[The data]
________________________________________

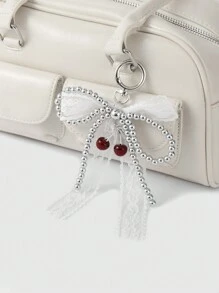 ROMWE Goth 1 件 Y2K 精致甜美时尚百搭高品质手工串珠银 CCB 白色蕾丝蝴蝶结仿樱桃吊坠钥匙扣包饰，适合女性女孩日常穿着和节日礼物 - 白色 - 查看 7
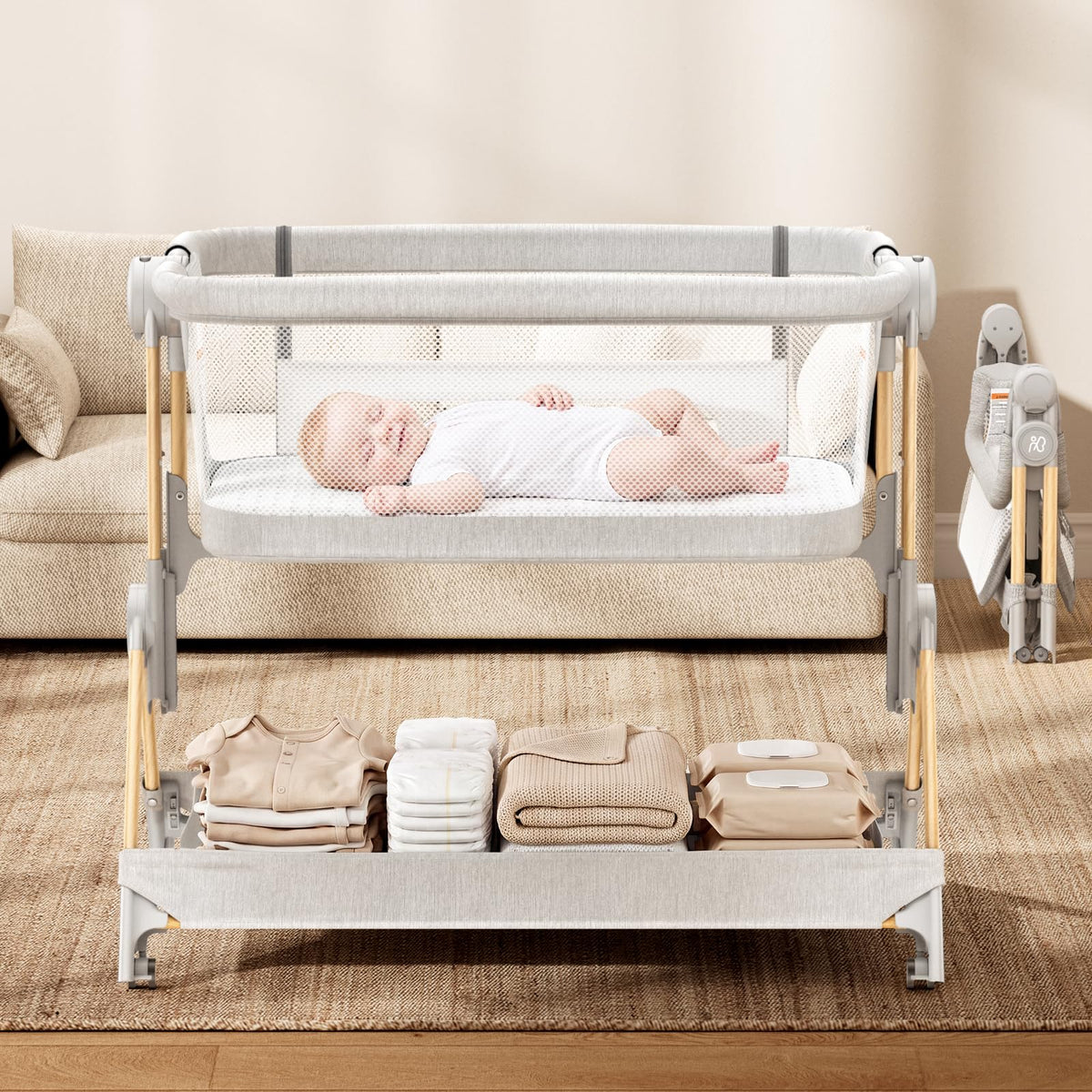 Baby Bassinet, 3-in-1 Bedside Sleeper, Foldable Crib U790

________________________________________

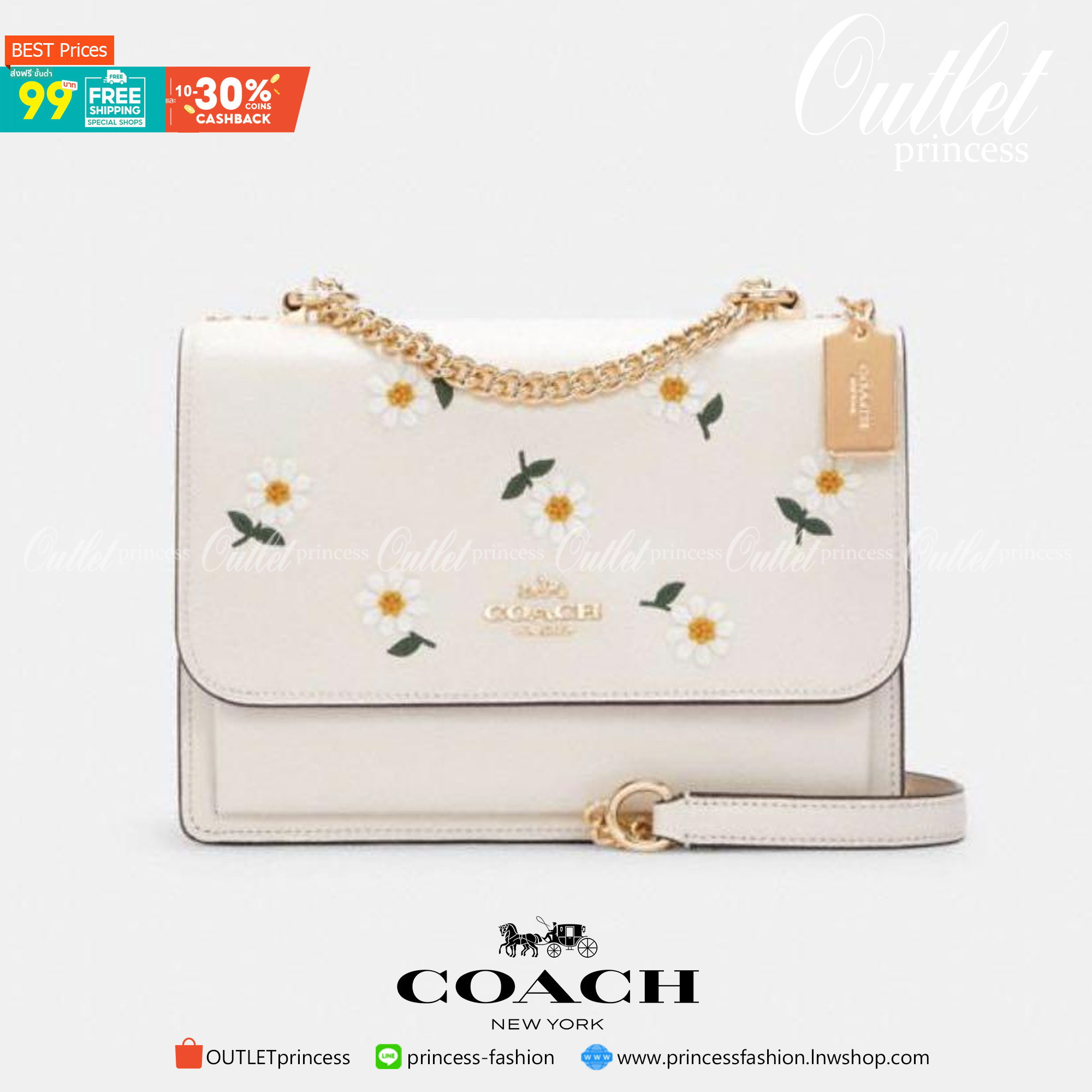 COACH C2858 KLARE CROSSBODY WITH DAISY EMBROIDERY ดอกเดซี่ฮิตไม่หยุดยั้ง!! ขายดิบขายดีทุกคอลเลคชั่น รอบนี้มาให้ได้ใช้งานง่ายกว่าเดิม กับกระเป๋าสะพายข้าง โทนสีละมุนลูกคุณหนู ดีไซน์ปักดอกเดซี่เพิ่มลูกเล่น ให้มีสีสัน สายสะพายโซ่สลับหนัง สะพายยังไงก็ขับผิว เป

________________________________________

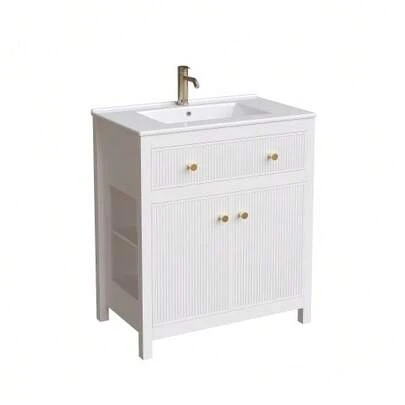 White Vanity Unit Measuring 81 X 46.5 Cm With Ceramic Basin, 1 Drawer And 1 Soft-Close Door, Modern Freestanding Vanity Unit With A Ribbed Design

________________________________________

Print exactly, with no pictures, the lines above from the one that holds "ROMWE Goth 1" through the one that holds "Baby Bassinet, 3-in-1", both of them included.

[Written solution]
 ROMWE Goth 1 件 Y2K 精致甜美时尚百搭高品质手工串珠银 CCB 白色蕾丝蝴蝶结仿樱桃吊坠钥匙扣包饰，适合女性女孩日常穿着和节日礼物 - 白色 - 查看 7
 Baby Bassinet, 3-in-1 Bedside Sleeper, Foldable Crib U790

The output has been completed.